>>>>

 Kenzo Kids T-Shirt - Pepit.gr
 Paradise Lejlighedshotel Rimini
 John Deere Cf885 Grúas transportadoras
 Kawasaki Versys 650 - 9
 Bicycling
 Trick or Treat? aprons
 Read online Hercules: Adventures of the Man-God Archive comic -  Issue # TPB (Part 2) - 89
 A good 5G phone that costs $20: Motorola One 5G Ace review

<<<<

Problem statement:
Write the records out again so that each one matches the original exactly.

Output of the exercise:
 Kenzo Kids T-Shirt - Pepit.gr
 Paradise Lejlighedshotel Rimini
 John Deere Cf885 Grúas transportadoras
 Kawasaki Versys 650 - 9
 Bicycling
 Trick or Treat? aprons
 Read online Hercules: Adventures of the Man-God Archive comic -  Issue # TPB (Part 2) - 89
 A good 5G phone that costs $20: Motorola One 5G Ace review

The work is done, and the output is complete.